Open NeckBeardPrince opened 9 years ago
@NeckBeardPrince We will look into this. This is heavily dependent on your env and machine. Could you provide some more details.
Thanks!
I have the same issue, appears to be something with aws sdk bu I'm not sure.
@NeckBeardPrince @luisdalves This has been confirmed by others as well and we are open to suggestions but that seems like a logical starting place @luisdalves
Sorry I just saw, what kinda of details would you like?
BUMP
I'm looking into this now for my own environment. It's a two part problem:
1) Profile the plugin runs to see where the bottleneck is. More than likely this is an issue with the aws-sdk, which we can't do much about 2) Make sure each plugin can poll multiple resources in the same run so you don't need multiple plugin runs to perform you checks or metrics polling. I've opened a ticket for this.
The duration for rds and elb checks is more than 10 seconds on average in our setup. We have a check for each instance this means our process list ist full of elb and rds checks. I suppose omitting the instance parameter (-r or -n) would speed up the process. But in this case we do not have a history for each instance and we cannot assign them to customers/projects.

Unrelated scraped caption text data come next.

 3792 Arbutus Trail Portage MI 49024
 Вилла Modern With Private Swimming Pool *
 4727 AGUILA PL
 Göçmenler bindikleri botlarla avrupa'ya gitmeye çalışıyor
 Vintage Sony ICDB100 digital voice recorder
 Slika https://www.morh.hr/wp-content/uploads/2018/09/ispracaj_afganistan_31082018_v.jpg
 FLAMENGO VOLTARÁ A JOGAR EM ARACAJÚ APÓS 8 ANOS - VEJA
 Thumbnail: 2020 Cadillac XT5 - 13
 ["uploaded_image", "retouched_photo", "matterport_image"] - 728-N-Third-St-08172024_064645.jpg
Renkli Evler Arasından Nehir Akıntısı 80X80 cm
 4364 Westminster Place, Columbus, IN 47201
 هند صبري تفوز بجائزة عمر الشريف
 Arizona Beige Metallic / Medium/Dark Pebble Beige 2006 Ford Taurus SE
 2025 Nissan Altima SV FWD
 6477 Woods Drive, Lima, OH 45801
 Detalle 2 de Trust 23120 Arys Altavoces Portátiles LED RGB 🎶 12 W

Maybe we should create a check like check-rds-multi which would check all rds events and send the results to the local socket interface. This would allow us to see individual check results and reduce the amount of queries to aws apis.
Unless someone is going to profile each plugin and the aws-sdk and find where the slowness comes from I suggest that this be the focus: https://github.com/sensu-plugins/sensu-plugins-aws/issues/27
I confirm high cpu-load with aws-plugins. I have now about 35 checks against aws. Mostly cloudwatch plugin, but there are several others like ec2-health and elbv2 monitoring. All checks are running by one agent. This is a c4.large instance. Instance is constantly running with ~80% CPU-load. That's «a little» annoying, because I need to add about 50 other checks and I don't feel good about that. Here is my CPU-graph: https://yadi.sk/i/-xx1omga3LwbPh UPD: Most checks have 60sec period. Last spike — I've added 19x300sec period checks for certain cloudwatch metric. Looks like sensu keeps plugin in dummy cycle and takes data only at desired time period, or I don't know what.
Every check on it's own will eat up 91%+ of CPU. Even when you pass nothing to it, just "check-rds.rb" and it spikes.